Als wichtigsten Tipp nennt Bornmann das sogenannte Power Posing, übersetzt "machtvolle Körperhaltungen". Dafür nehmt ihr eine weite, offene und Körperhaltung ein, die viel Raum in Anspruch nimmt. Das klingt simpel, doch ihr fühlt euch dadurch stärker und selbstbewusster. „Das kann viel bewirken, denn die Körperhaltung beeinflusst euren Geist", sagt Laura Bornmann.

Und dieser Effekt ist sogar wissenschaftlich belegt. So kam eine Analyse von der Martin-Luther-Universität Halle-Wittenberg (MLU), der Universität Bamberg und der Ohio State University aus dem Jahr 2022 zu dem Ergebnis, dass sich Powerposen positiv auf die eigenen Gedanken und Gefühle auswirken können. Bedeutet: Machtvolle Körperhaltungen lassen euch selbstbewusster fühlen. Für die Studie wurden insgesamt 130 Experimente mit über 10.000 Probanden ausgewertet. Nachzulesen sind die Ergebnisse im „Psychological Bulletin“.

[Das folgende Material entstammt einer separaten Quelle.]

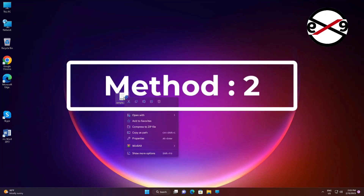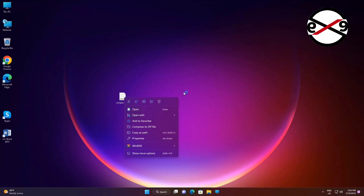The second method is to right-click the .docx file, click Open With, choose another app, then choose an app on your PC.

Eure Körperhaltung hat also einen enormen Einfluss auf eure Selbstwahrnehmung. Und diese ist wiederum wichtig für eine gute Bühnenpräsenz, ist auch Bornmann überzeugt. Denn "oftmals lösen Selbstzweifel und Gedanken, dass man etwa nicht genug ist, die Bühnenangst aus", sagt die 31-Jährige. „Man denkt, dass man eigentlich viel besser sein könnte – aber oftmals stimmt das gar nicht."

Lange Zeit sei es ihr selbst so ergangen, doch sie habe offen über ihre Schwächen und Selbstzweifel gesprochen. In Gesprächen habe sie dann festgestellt, dass sie mit ihren Gedanken nicht alleine dasteht. „Jeder hat mal Selbstzweifel, das gilt sowohl für Männer als auch für Frauen. Das war für mich eine wichtige Erkenntnis."